WORK TO BE COMPLETED. Retype the material that follows exactly, limited to the lines from the one with "Ivory Acacia Broderie Mini Dress" through the one with "Dova Plaid Cotton-Blend Crop Pants", and keep out all pictures.
=== DATA FOR ANALYSIS ===
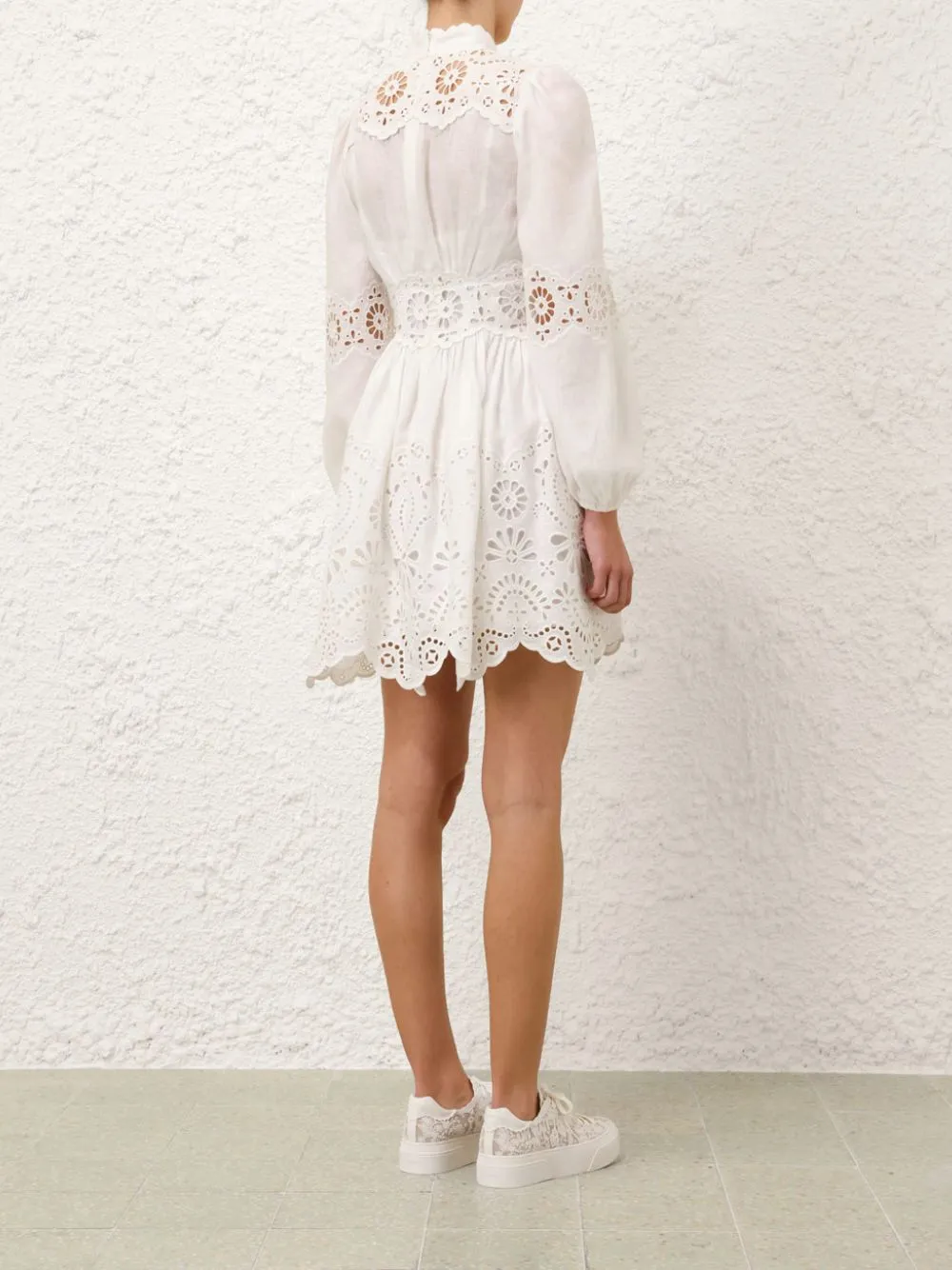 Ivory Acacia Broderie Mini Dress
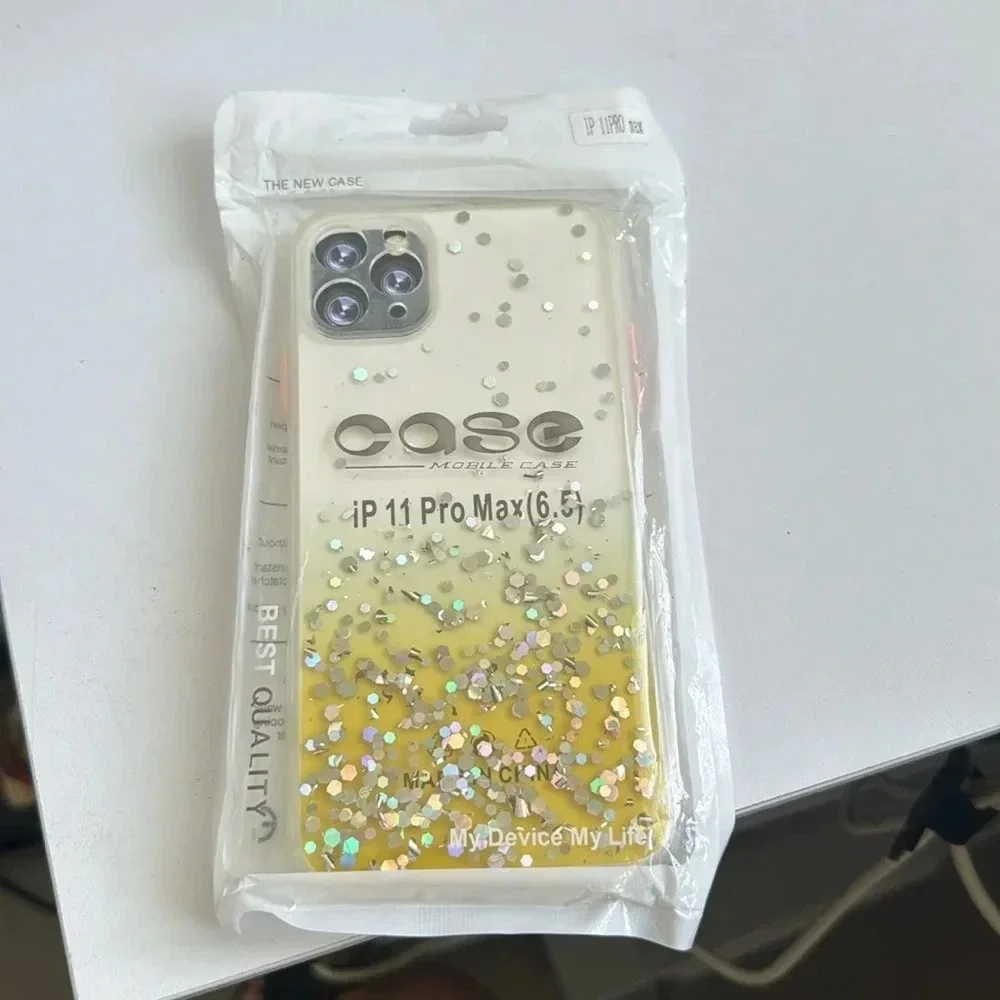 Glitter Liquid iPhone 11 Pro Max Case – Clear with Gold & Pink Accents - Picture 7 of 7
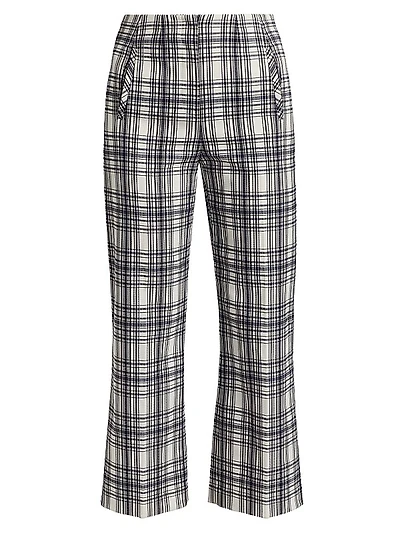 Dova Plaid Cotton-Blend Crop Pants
===
=== DATA FOR ANALYSIS ===
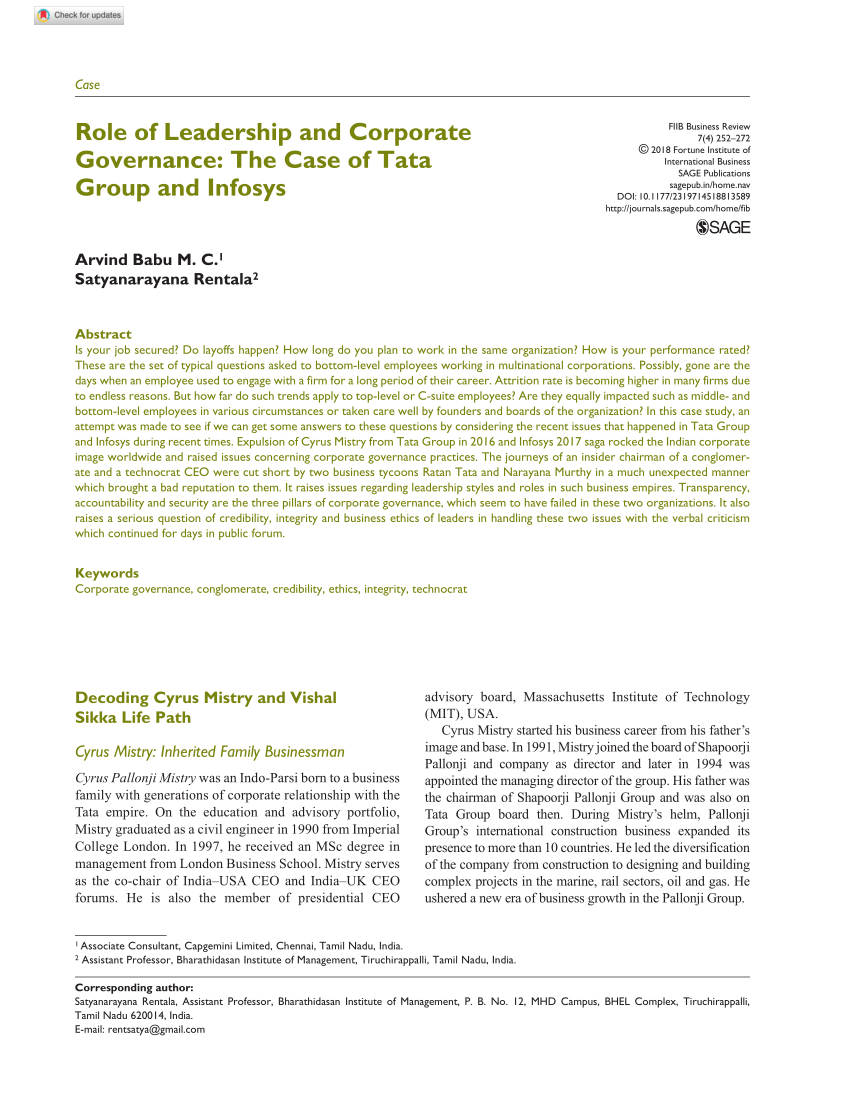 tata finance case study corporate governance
===
EXPECTED OUTPUT.
 Ivory Acacia Broderie Mini Dress
 Glitter Liquid iPhone 11 Pro Max Case – Clear with Gold & Pink Accents - Picture 7 of 7
 Dova Plaid Cotton-Blend Crop Pants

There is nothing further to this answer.